These are the learnings of former stock agent David Connolly on the back of running the iconic large-scale cattle backgrounding and breeding operation Tipperary Station, in the Douglas Daly region of the Northern Territory.
The third big lesson he would pass on is to have an end market in sight before taking on anything.
The Tipperary Group of Stations, consisting of Tipperary, Litchfield and Douglas West stations which encompass 4000 square kilometres, or about a million acres, has a wonderfully colourful background and has blazed trails since it was settled in 1914.
Today, however, those trails are likely going to be followed by many and lead to long-lasting change in Australian agriculture - mostly because they are profitable, sustainable and come with the built-in protection of not being reliant on any one market.

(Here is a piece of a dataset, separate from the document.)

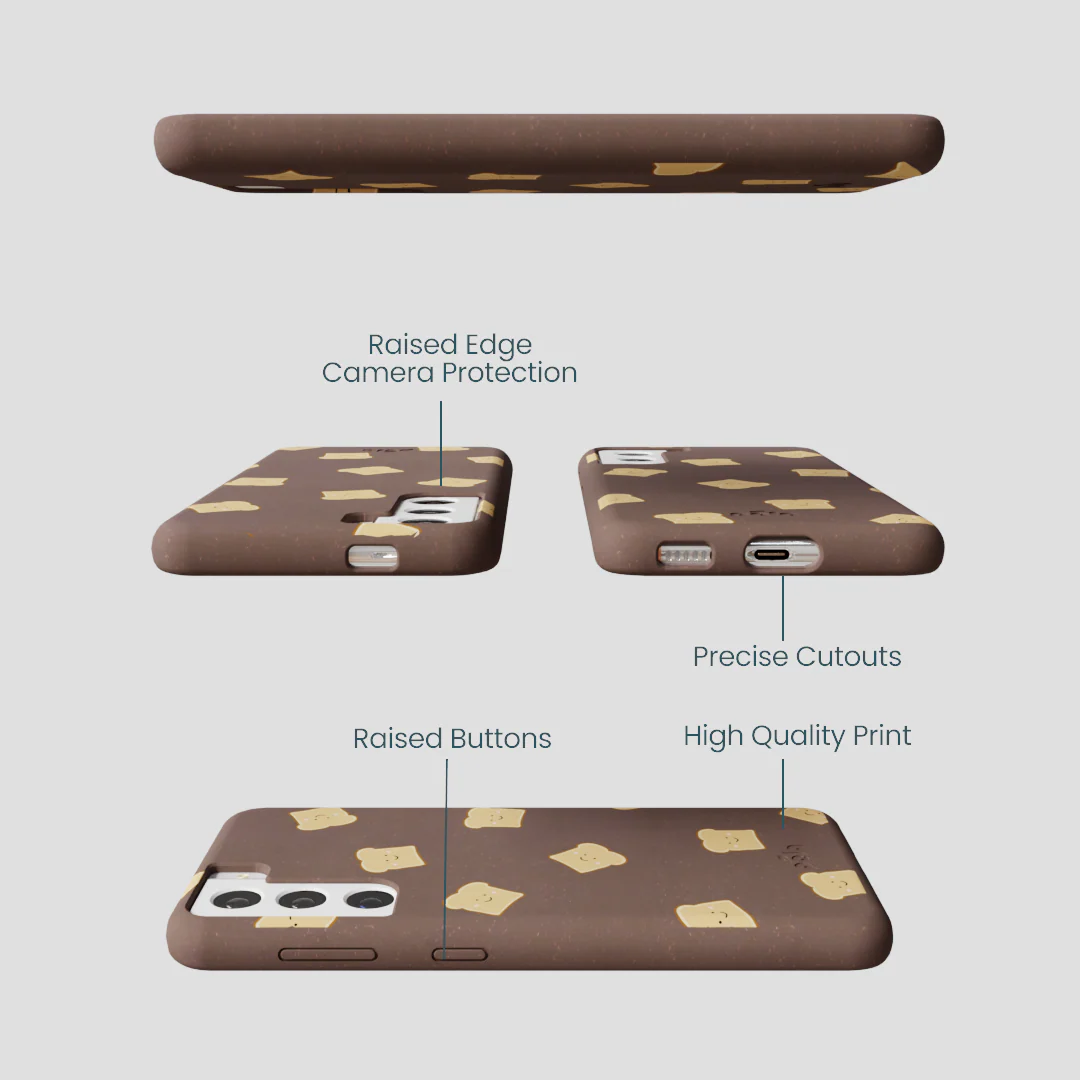 Chocolate Brown Mini Toast Samsung Galaxy S22 Case - Image 3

From live cattle to Indonesia and steers sold on the domestic market to broadacre farming, a cotton gin, horticulture, carbon abatement, tourism and environmental management, Tipperary has a iron in many fires.

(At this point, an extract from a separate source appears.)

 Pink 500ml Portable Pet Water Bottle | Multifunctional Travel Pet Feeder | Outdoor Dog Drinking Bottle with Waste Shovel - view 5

It always been an operation of immense interest to wider Australia and one that has trialled the unusual.
United States money was poured into the country in the late 1960s when the Tipperary Land Company invested and planted swathes of corn and sorghum fields.
Without an end market secured, much of those crops ended up fattening wallabies or being pushed with bulldozers off the wharf into the ocean.
Tipperary was then owned for some time by Sir Frederick Walter Sutton, famed for his used car dealerships around the country, and shot to fame again in the late 1980s when entrepreneur Warren Anderson paid nearly $16 million for it. Not only did he undertake a massive development program, he established a private sanctuary to breed rare and endangered animals.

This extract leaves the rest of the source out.